OBSERVAÇÃO: Modulação de efeitos no controle difuso 
O leading case, nesse sentido, foi o julgamento do RE 197.917, pelo qual o STF reduziu o 
número de vereadores do Município de Mira Estrela de 11 para 9 e determinou que a 
aludida decisão só atingisse a próxima legislatura. Entendeu a Corte estar diante de 
 
“situação excepcional em que a declaração de nulidade, com seus normais efeitos ex tunc, 
resultaria grave ameaça a todo o sistema legislativo vigente. 

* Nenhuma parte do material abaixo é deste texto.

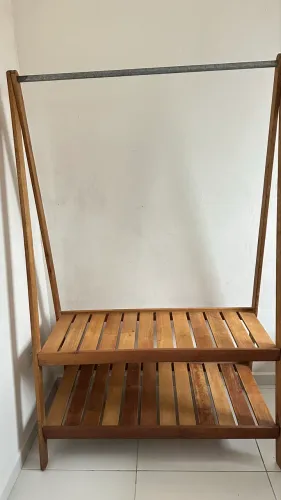 Arara de roupas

Prevalência do interesse público para assegurar, em caráter de exceção, efeitos pro futuro 
à declaração incidental de inconstitucionalidade, valendo apenas para as eleições 
seguintes” (se os efeitos fossem normais, toda a atuação do parlamento anterior à decisão, 
que atuou com 11 e o correto seriam 9 vereadores, estaria comprometida) (cf. RE 197.917, 
Rel. Min. Maurício Corrêa, j. 06.06.2002, Pleno,D J de 07.05.2004). 
 
Exceção ao Efeito Inter partes da Decisão no controle incidental - art. 52, X da 
CF - O Senado Federal pode suspender a execução, no todo ou em parte, da lei declarada 
inconstitucional por decisão definitiva pelo Supremo Tribunal Federal. 
Isso seria conveniente em ações cujo objeto seja comum a um número muito 
grande de pessoas, como os cruzados bloqueados, a cobrança de um tributo que 
entendam inconstitucional, por exemplo, a extinta CPMF etc. 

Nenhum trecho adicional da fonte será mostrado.